Такое нередко случается и со мной, я не люблю отделять правду от вымысла, принимаю их разом, и они живут в моем воображении, не мешая друг другу и даже подсобляя при надобности.

От бабки осталось роду всему нашему… Пришел Христя Киш, тогда еще чужой для нее, не один — с пацаненком, худющим, непонятно в чем дух держится. Спрашивала:

— Чей малец-то?..

— Не знаю. На Торжке подобрал, ходит меж люда и тянет ручонку, и в глазах тоска, одно токо и говорит: дай… дай… дай… Больно стало глядеть на него, взял с собою.

Не ушел мальчонка от бабки, подле ее руки и поднялся… Порою я мысленно вижу исхудалого, бледного, его ли — другого ли кого, и после этой, большой войны не раз было: зайдет па деревню парнишка, ходит по дворам неприкаянный и глаза голодные, страшные — не глядел бы — шепчет упрямо: дай, дай, дай!.. Я и теперь, как закрою глаза, так и увижу этого пацаненка, и тревожно сделается, и жутко, и долго еще мучает меня память, неуспокоенная. Думаю: «Не дай-то бог услышать еще раз горькое и отчаянное: «Дай, дай, дай!..» Словно бы рок висит над человеком, не многое остается ему от ушедших поколений, а вот это, рвущее душу, нет-нет да и выплеснется и замутит жизнь.

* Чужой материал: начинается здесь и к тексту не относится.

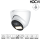 Dahua HAC-HDW1239TP-IL-A-0280B-S3 HDCVI Eyeball Überwachungskamera 2MP 2,8 mm Fixobjektiv IP67
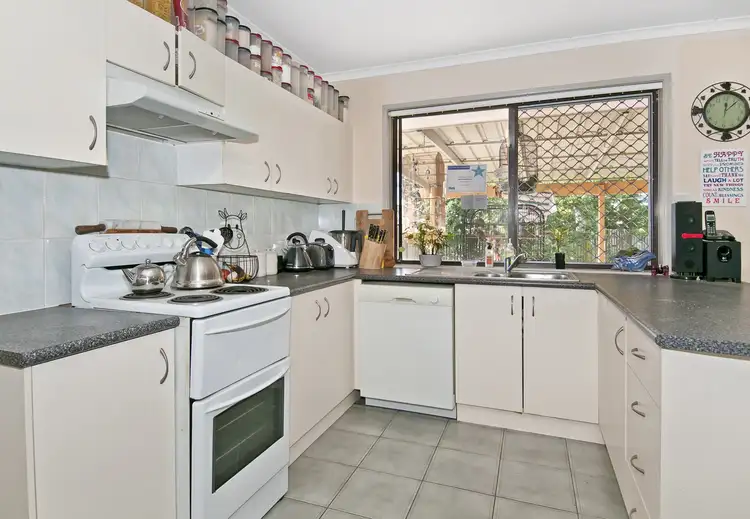 Fourth view of Homely house listing, 44 Parliament St, Bethania QLD 4205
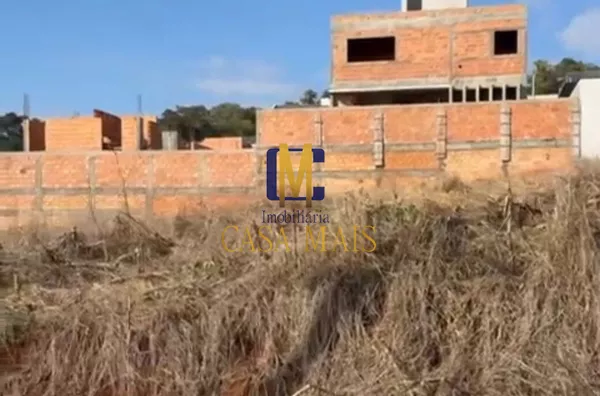 TERRENO PARA VENDA NO LOTEAMENTO PELOSO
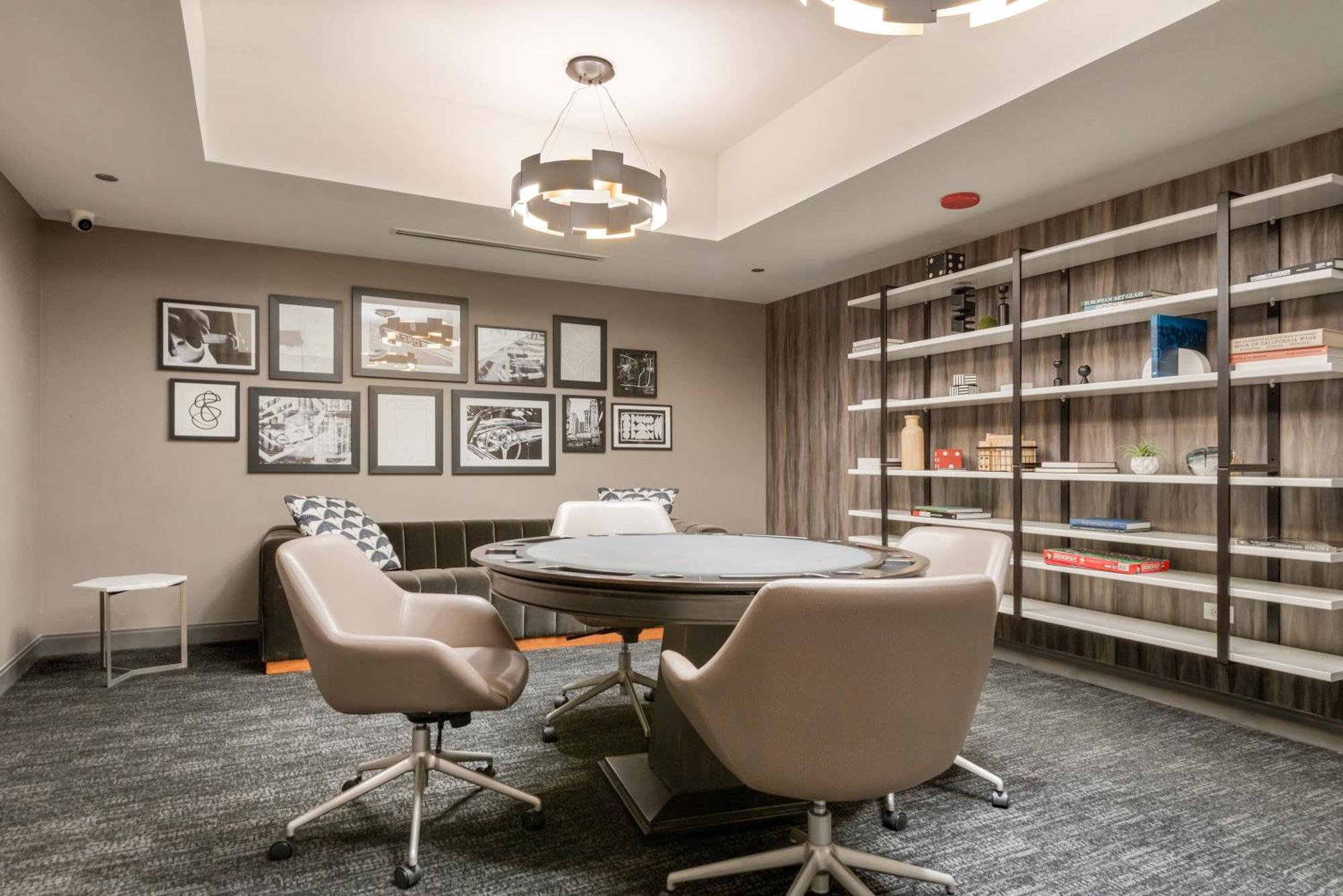 Experience Downtown Chicago At Millennium - Luxury Apartments In The Loop 外观 照片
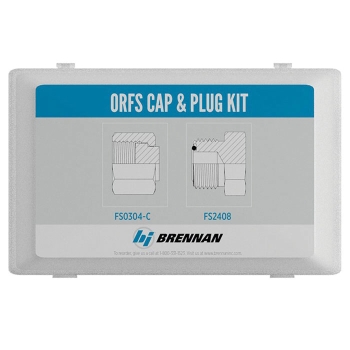 Brennan KT1004-ORFS KT1004-ORFS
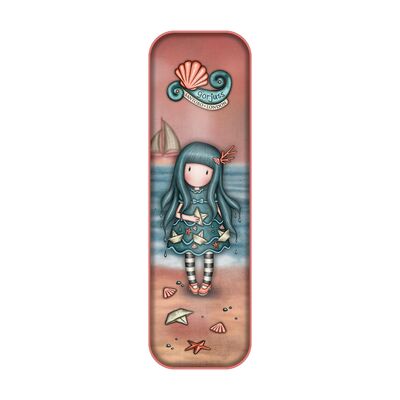 Penar Gorjuss Washed Ashore 1 compartiment, 20x2x6 cm BPTCGR128904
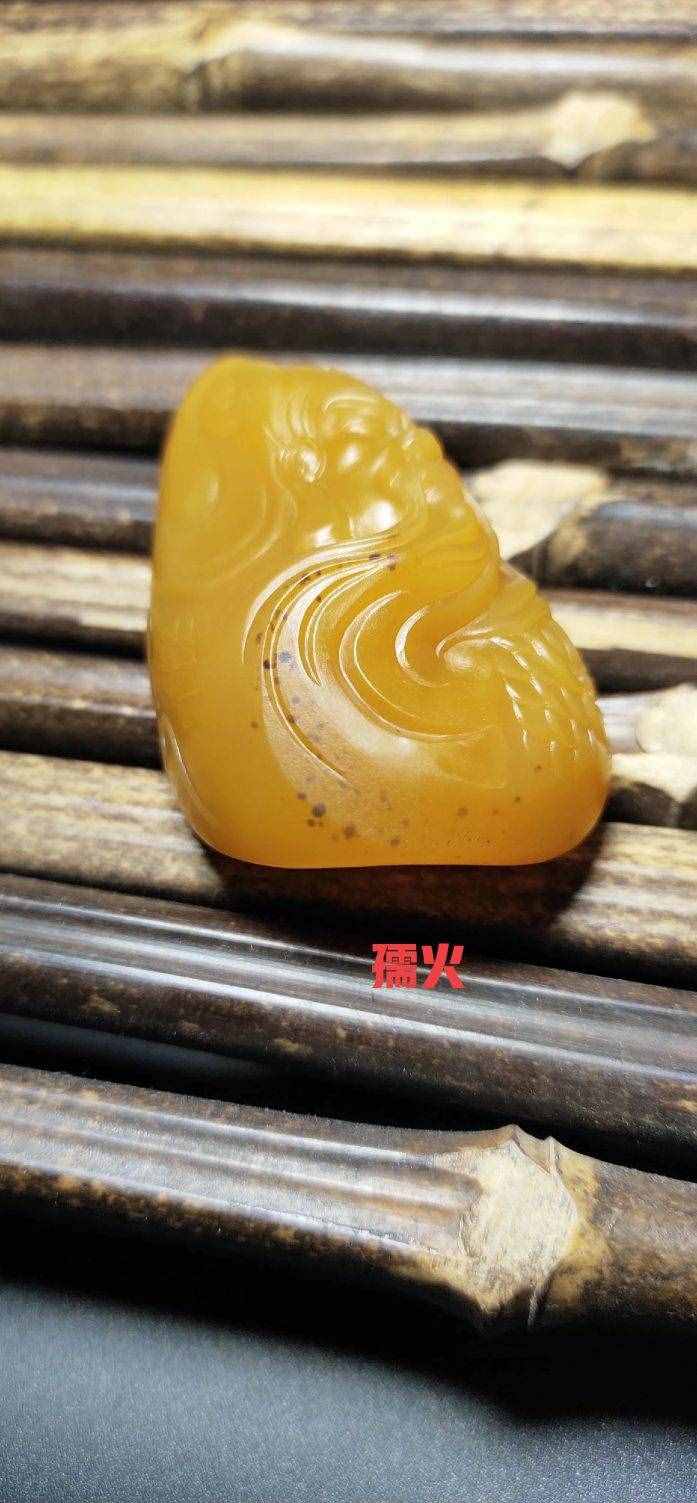 黄腊石的那些出产地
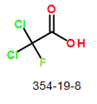 CAS#354-19-8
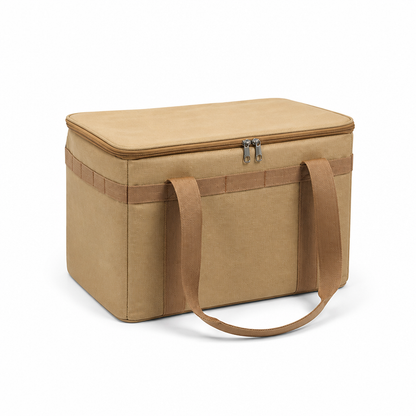 Waterproof 900D Oxford Camping Storage Bag (40kg Capacity)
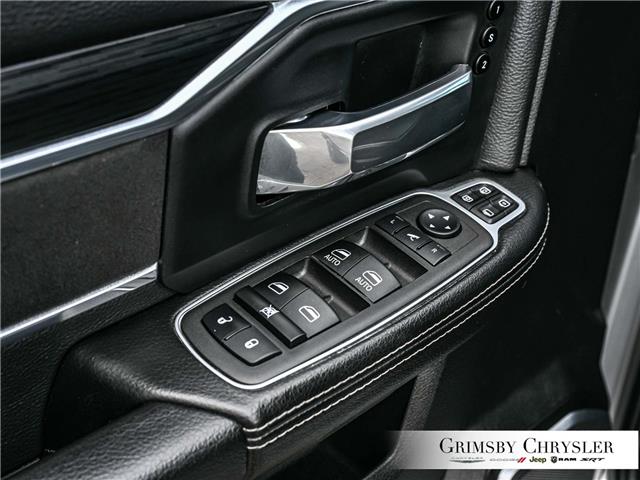2023 RAM 2500 Laramie (Stk: U6321B) in Grimsby - Image 17 of 32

Я бреду по льду Байкала, уж и берега не видать, и наст сделался скользким, бесснежным, и небо изглубилось, не висит над землею так низко, не давит, просторное, сияет чистою глубиною. Не сразу, а все ж и я успокаиваюсь, опускаюсь па лед и, не боясь застудиться, долго гляжу сквозь метровую зеленоватую толщу и вижу, как там, вдалеке, искристые и шустроперые, плавают рыбки, немного их нынче, нынче на земле всего понемногу, не теснятся друг подле дружки, словно бы сами себя боятся, и мне хочется сказать: «Ну, чего же вы, дурашки? Резвитесь, радуйтесь. Ну!..» И я, кажется, говорю, но они не слышат, продолжают осторожно шевелить плавниками. Вздыхаю, медленно подымаюсь со льда, бреду дальше. Словно бы что-то гонит меня, толкает в спину, и все ж я чувствую, что сквозь тревогу, которая в последние годы сделалась для меня привычною, пробивается еще что-то… Предания и улигеры, сказы и были, рожденные на Байкальских берегах, которые я слышу с малых лет, начинают тесниться в голове, сшибаться и тоже бегут куда-то, бегут, исчезая, но не начисто, нет, остается после них дивное и светлое, мягкое и напевное, у меня такое чувство, что я только вчера вернулся из чужих краев, а вот теперь сижу среди близких мне людей и слушаю чудную нашу сибирскую речь, которую не спутаешь ни с какою другою. От Великой Руси оторвавшись, пришла она сюда, на эти берега, давным-давно жданная, и все ж не сразу обрела себя, путаясь в разноликих названиях гор и долин, рек и озер. Спотыкаясь об них, она замерла было, устав, но стряхнула с себя недолгое наваждение и растеклась но здешней земле, с охотою принимая чужие слова и прозвания, от малых народов, искони живших вокруг Байкала, обрастая ими, как белый холодящий ком, пущенный со снежной горы. Она не затерялась, нет, среди чужих по-именований, а сделалась живою и яркою и уж не казалась чем-то, привнесенным извне, а словно бы тут, на этих берегах, и родилась. Чудная, чужому слуху противная, она только здесь и цветет пышно, а стоит ей очутиться в дальних краях, тотчас и вянет, теряет свое очарование и кажется холодною, словно бы кем-то, не от доброго сердца, придуманною. Видать, и в ней есть что-то таинственное, как и в самом Байкале, подле которого возросла и приняла в себя силу его и слабость. Она как тот стебелек караганы — перенеси его в российские дали, лелей да ухаживай, а все ж гибнет.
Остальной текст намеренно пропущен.